The ClusterWareAI ™ software ships with a set of default health checks. You can create additional health checks to match your cluster environment. For example, if you have specific hardware and want to track failures or if you commonly mount a directory in your compute nodes and want to validate the location, you can write checks specific to your needs.

At a high level, use the following steps to create a custom health check and add it to compute nodes:

  1. Create a check script.

  2. Add the check script to compute nodes.

  3. Create a new health check using cw-healthctl, the checks API, or the ClusterWareAI GUI.

  4. Map the new health check to compute nodes.

Create Health Check Script#

A health check script must be an executable that can run on the target OS and that has an exit code that conforms to Nagios. See https://nagios-plugins.org/doc/guidelines.html for details.

Health check scripts are often shell scripts like Bash or Python, but compiled languages also work.

Add the Health Check Script to Compute Nodes#

After creating your health check script, add the script and any dependencies to the compute nodes that you want to run the script. There are a few options for adding the script and dependencies to the nodes:

  • Use cw-modimg to modify an existing image and copy the health check script and any dependencies to a known location in the image. This option is useful if you want to use the same health check on multiple nodes and want the script and dependencies to be maintained after reboot. See the example below and Modifying Images for details.

  • Use cw-nodectl scp to copy the health check script to a known location on applicable compute nodes. This option is useful if you do not want to reboot the nodes to add the custom script. This option does not work for Kubernetes worker compute nodes running with the containerized ClusterWareAI node agent as they do not support scp.

  • Use an Ansible script to copy the health check script and dependencies to all applicable compute nodes. This option is useful if your script has library dependencies.

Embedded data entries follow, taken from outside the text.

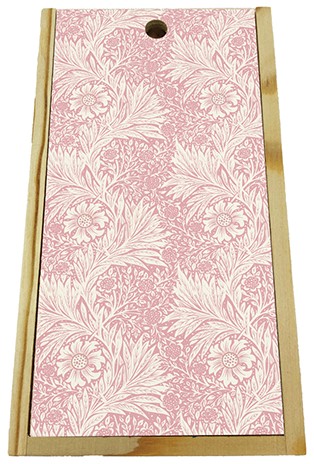 Färgpennor i Träpennskrin 12 färger William Morris Modern Marigold Rosa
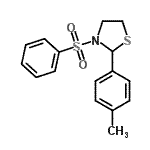 CAS#: 537677-92-2, 2-(4-Methylphenyl)-3-(Phenylsulfonyl)-1,3-Thiazolidine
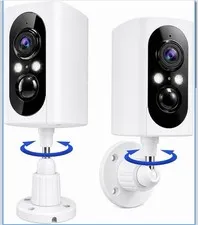 Wireless 3MP Wi-Fi IP Camera 355° Pan/Tilt Night Vision Motion, 128GB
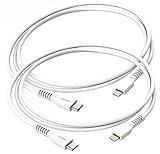 Galvanox iPhone 12/iPhone 13 Ladekabel (USB C auf Lightning), 2 Stück (0,9 m & 1,5 m) Apple MFi zertifizierte Kabel für iPhone 11/12/13/Pro Max/Mini (unterstützt PD Schnellladung) Weiß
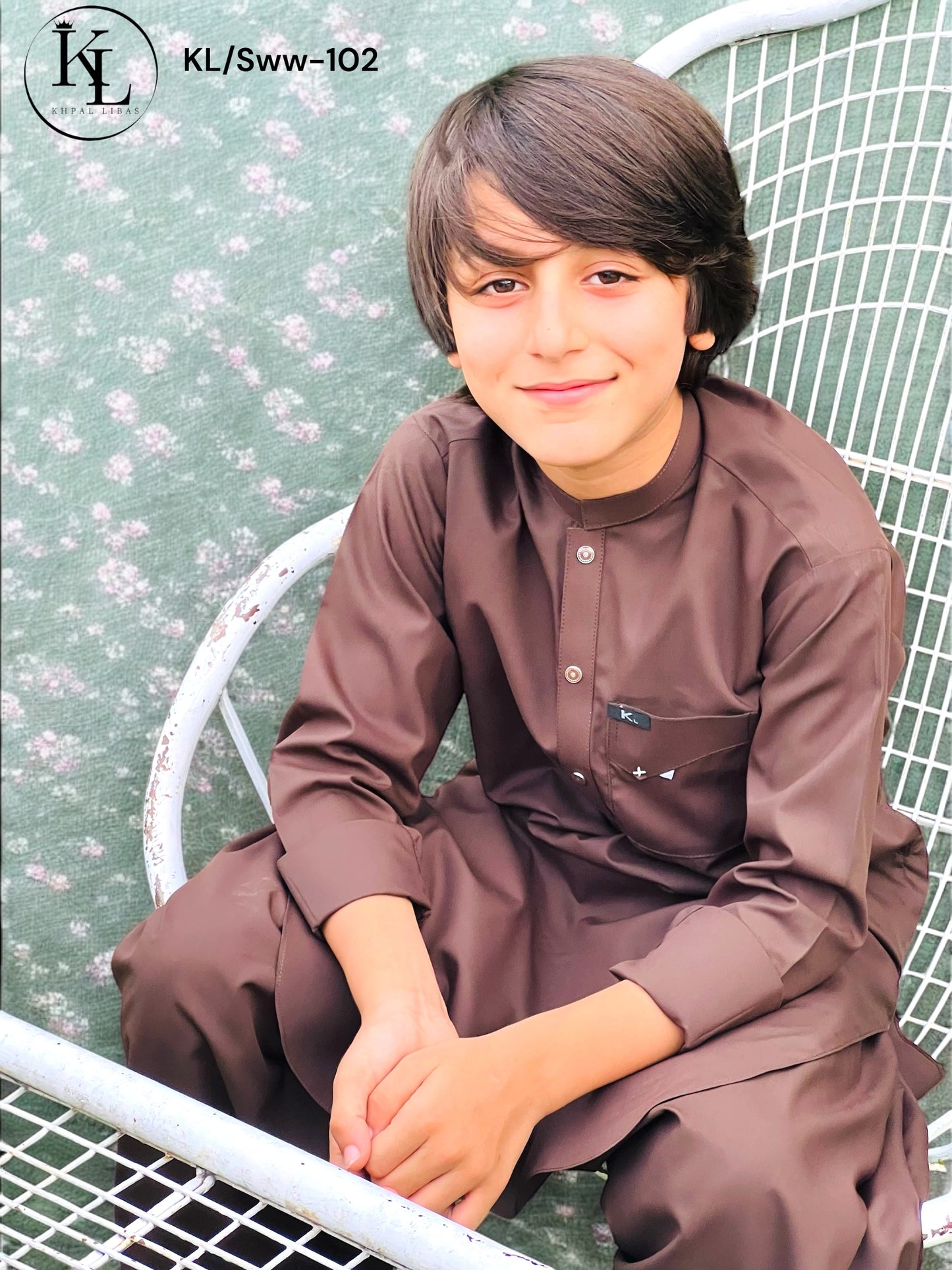 Light Chocolate Kameez and Shalwar (KL/Sww102)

See Using Ansible for details.

For example, to add a custom health check script and related dependencies to an existing image:

  1. Modify the existing image with chroot:

    cw-modimg -i nodeImage --chroot --overwrite --upload
    
  2. Copy the custom health check script to a known location:

    mkdir -p /health-checks
    cp /check/custom-check.py /health-checks
    
  3. Install dependencies in the image:

    dnf install python3.14
    
  4. Exit the chroot. The image contents are automatically re-packed and replaced.

  5. Reboot the compute nodes that use the image to apply the changes.

Create Health Check#

Create a new health check that references the absolute path to custom health check script you added to the compute nodes. You can create the health check using the checks API, cw-healthctl tool, or the ARS Policy Page in the ClusterWareAI GUI.

For example, using a JSON file with the cw-healthctl tool:

  1. Create a JSON file that references the absolute path to your health check script. For example:

    {
     "name": "CustomCheck",
     "command": "/health-checks/custom-check.py",
     "interval": 240,
     "timeout": 10,
     "labels": ["gpu"]
    }
    
  2. Within ClusterWareAI, create a health check:

    cw-healthctl create --content=@customcheck.json
    
  3. [Optional] Verify the health check details:

    [admin@head0]$ cw-healthctl -i CustomCheck ls -l
    Health Checks
     CustomCheck
      command: /health-checks/custom-check.py
      interval: 240
      labels: [gpu]
      name: CustomCheck
      timeout: 10
    

See Create Health Checks for additional examples.

Map Check to Compute Nodes#

Health checks are only run on assigned compute nodes (via label or health check name). If you used an existing label when creating the new check, the check is automatically run by nodes with the custom health check script in the specified location that already have the existing label assigned. You can map the check to additional compute nodes or, if you used a new label, add the label to nodes or an attribute group. See Add Health Checks to Nodes for details.